* INSTRUCTIONS TO FOLLOW
Everything from the line containing "Fendi Black Yellow" through the final line below must be output exactly, both ends included, with nothing else and no pictures.

* SUPPLIED DATA
________
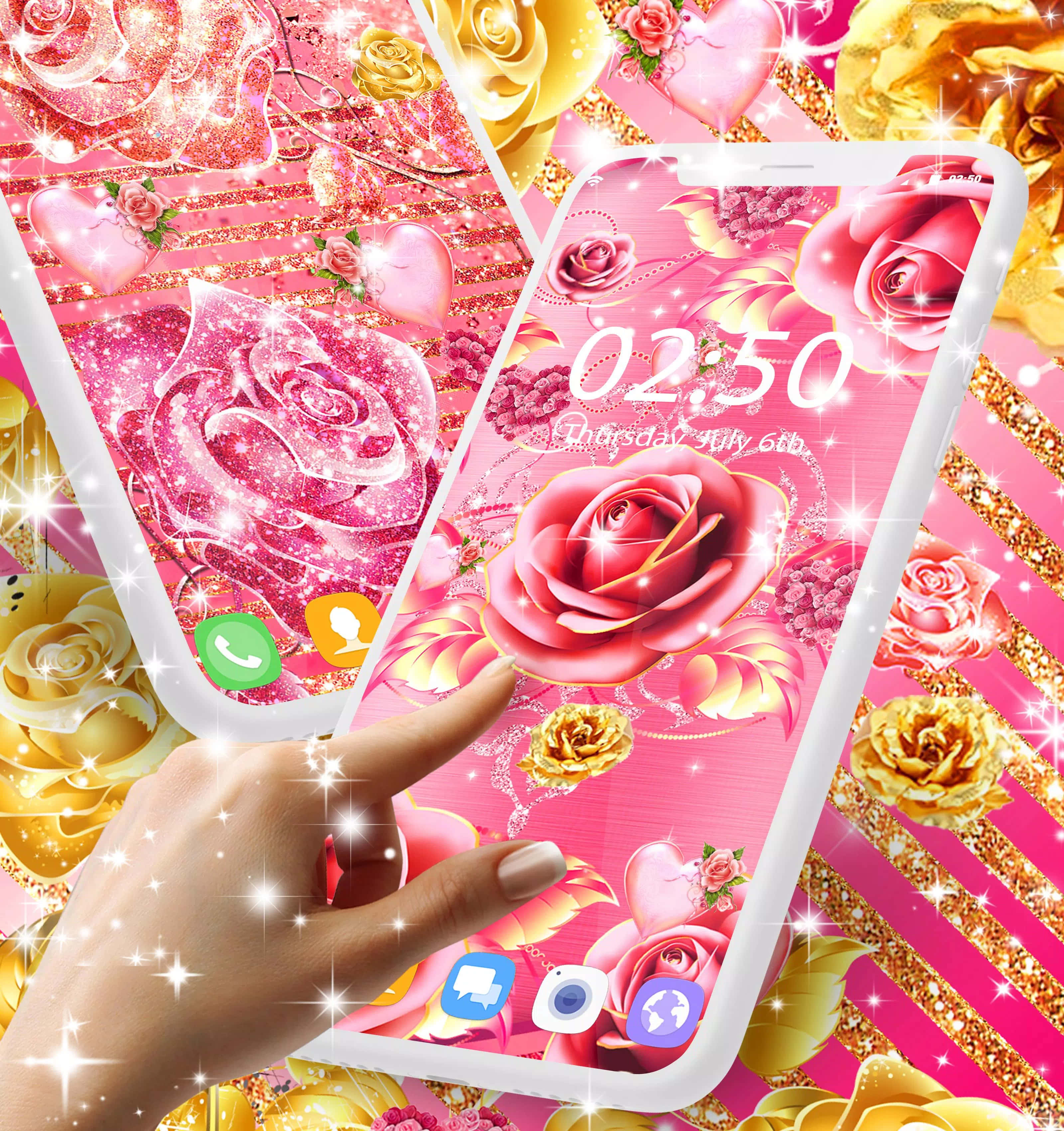 Rose Gold Desktop 桌布 壁紙 — 一隻手輕觸智慧型手機，顯示帶有金色點綴和閃爍效果的閃亮粉紅玫瑰桌布。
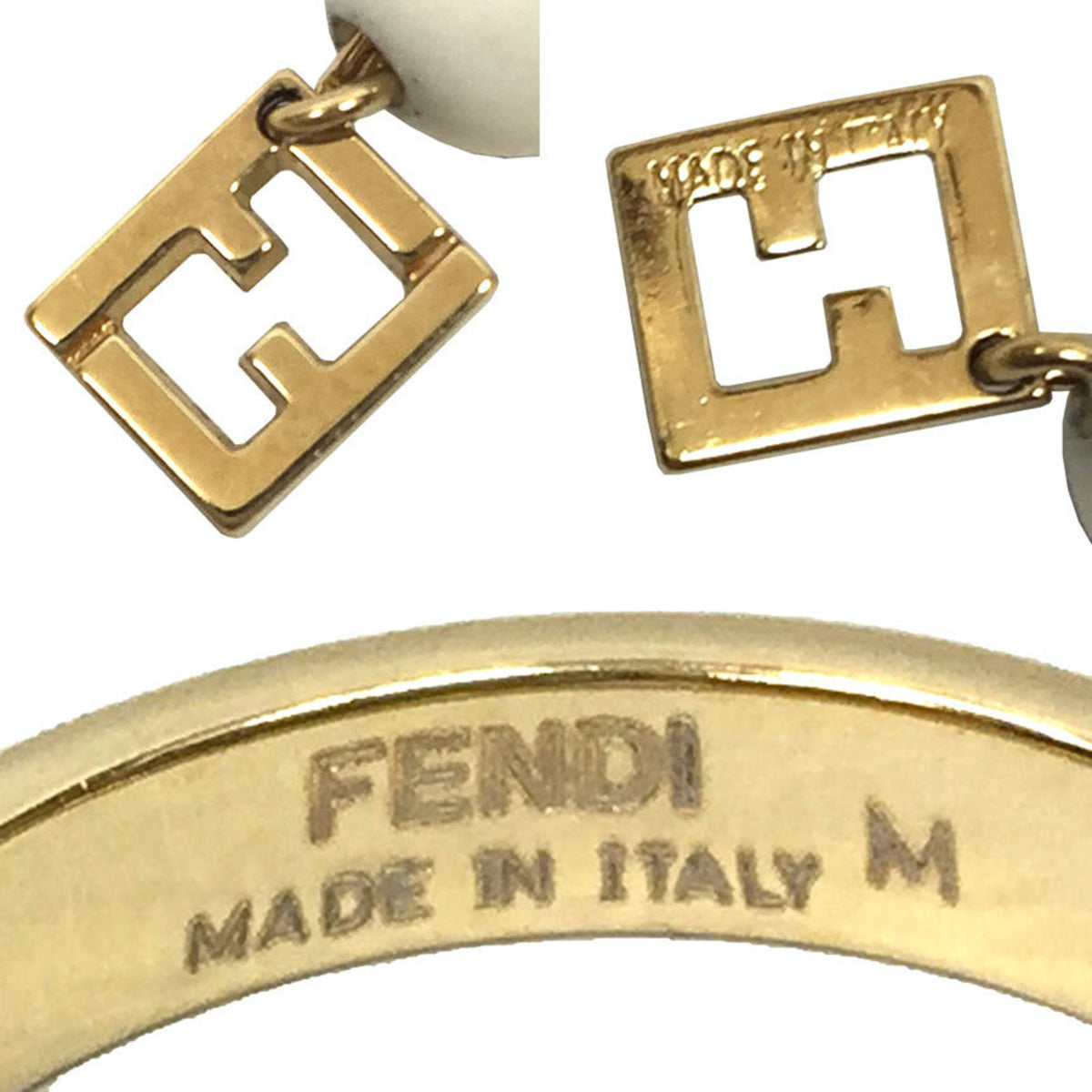 Fendi Black Yellow Metal Band Ring (Pre-Owned)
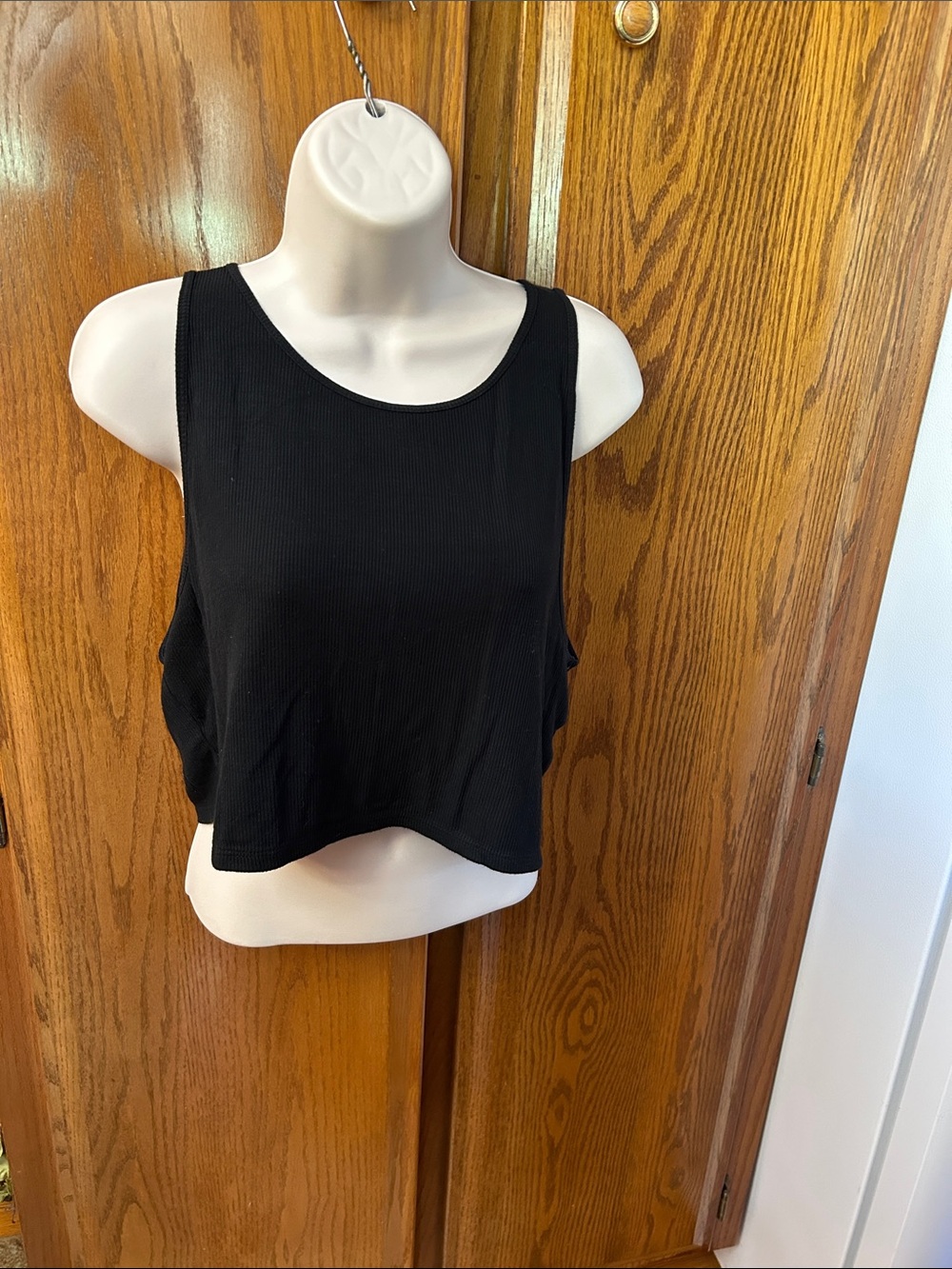 American Eagle Outfitters Black Ribbed Crop Tank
________
* RESULT OF THIS EXERCISE
 Fendi Black Yellow Metal Band Ring (Pre-Owned)
 American Eagle Outfitters Black Ribbed Crop Tank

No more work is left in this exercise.